Each entry should be returned exactly as written, with no pictures carried over.

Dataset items
------------------------------------------------

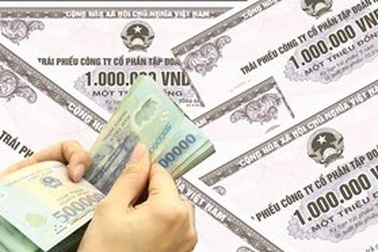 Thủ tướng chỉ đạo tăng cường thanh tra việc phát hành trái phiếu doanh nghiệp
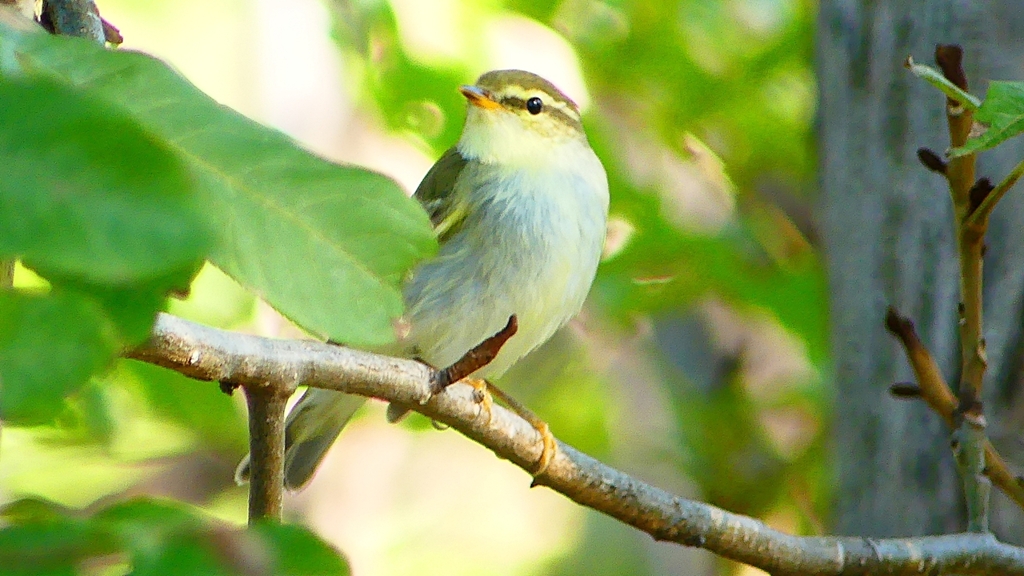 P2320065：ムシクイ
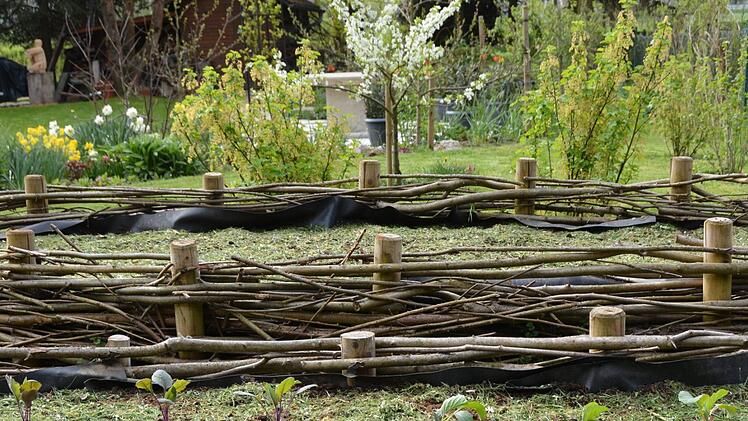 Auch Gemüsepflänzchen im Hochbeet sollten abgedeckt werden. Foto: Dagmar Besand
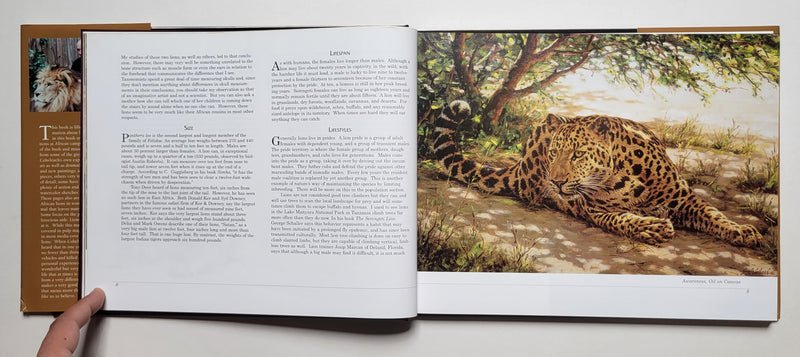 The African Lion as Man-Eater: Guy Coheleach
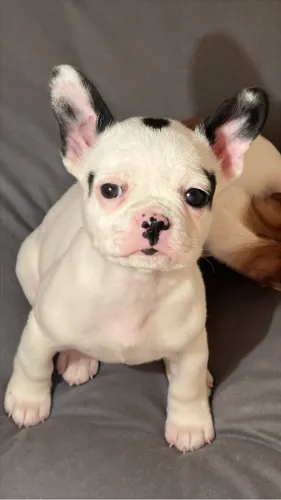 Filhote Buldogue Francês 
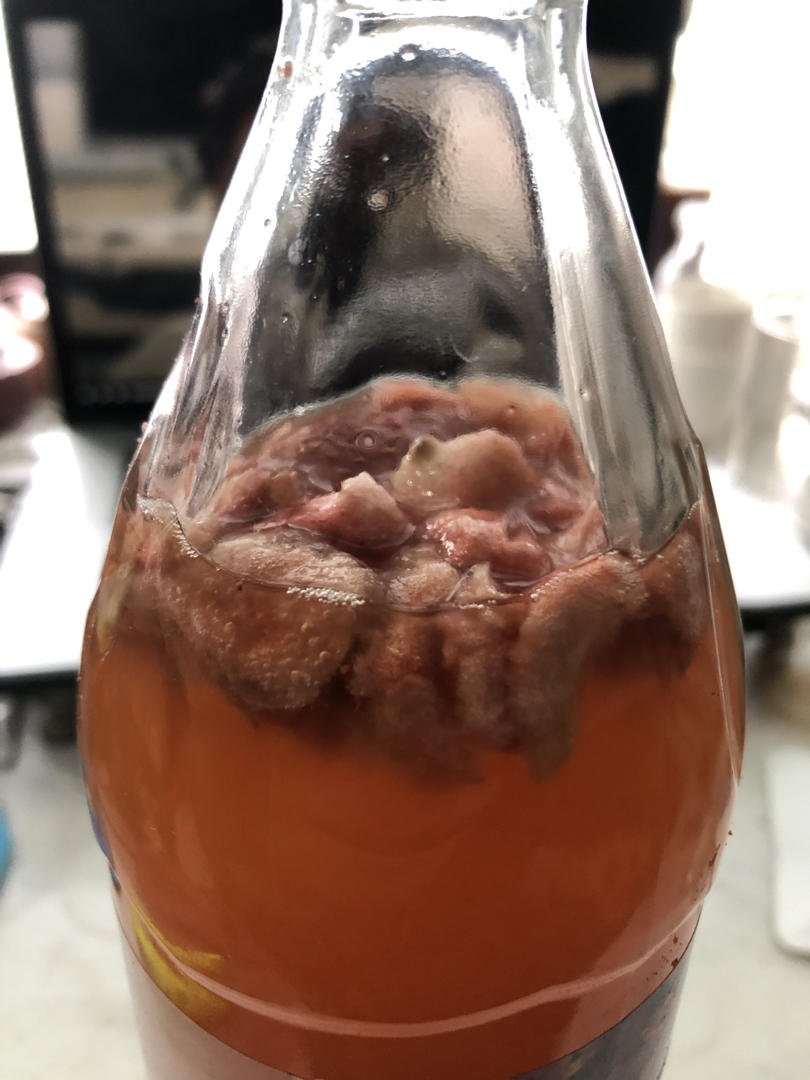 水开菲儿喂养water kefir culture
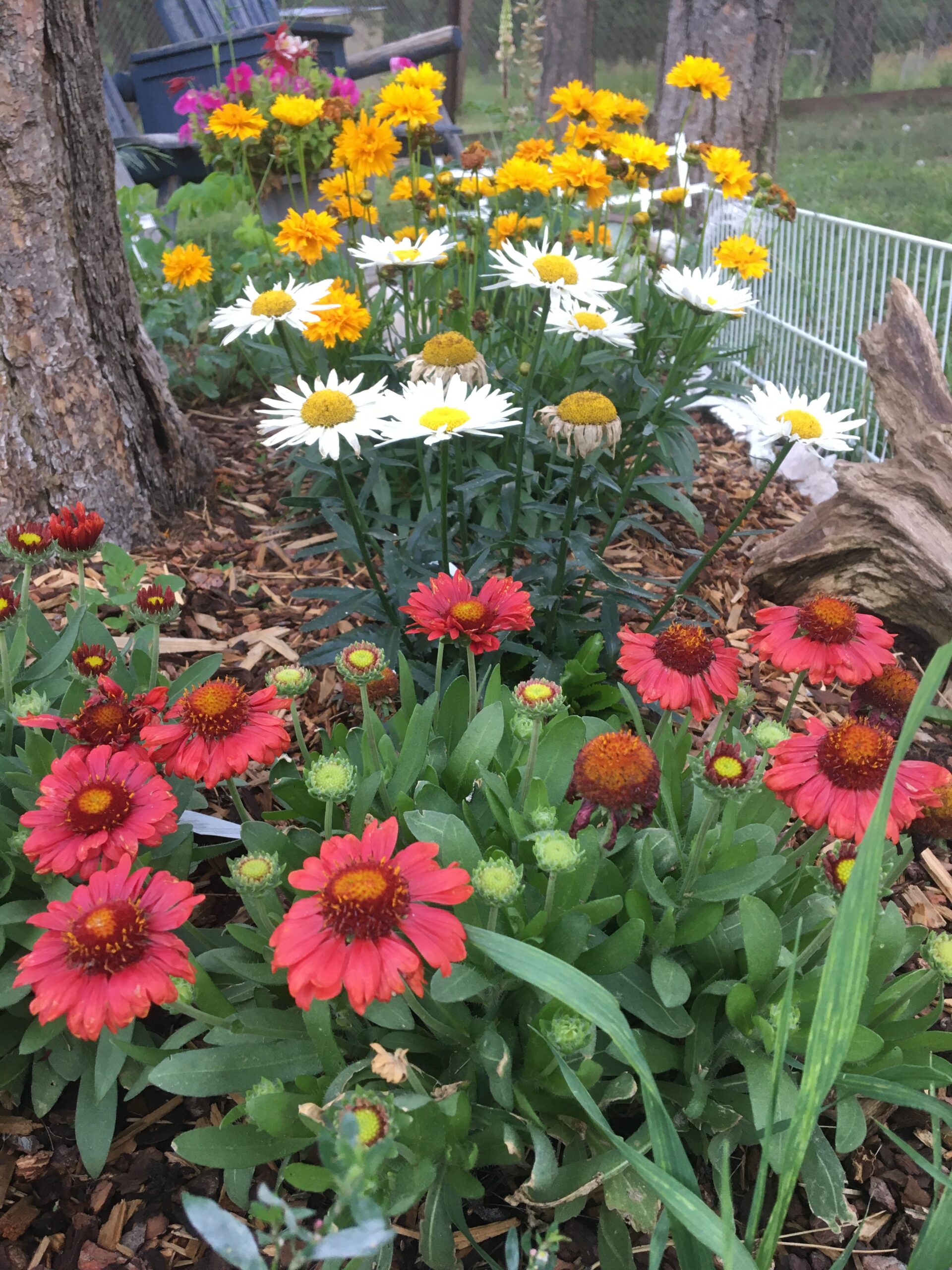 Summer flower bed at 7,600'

------------------------------------------------

Result of the task:
 Thủ tướng chỉ đạo tăng cường thanh tra việc phát hành trái phiếu doanh nghiệp
 P2320065：ムシクイ
 Auch Gemüsepflänzchen im Hochbeet sollten abgedeckt werden. Foto: Dagmar Besand
 The African Lion as Man-Eater: Guy Coheleach
 Filhote Buldogue Francês 
 水开菲儿喂养water kefir culture
 Summer flower bed at 7,600'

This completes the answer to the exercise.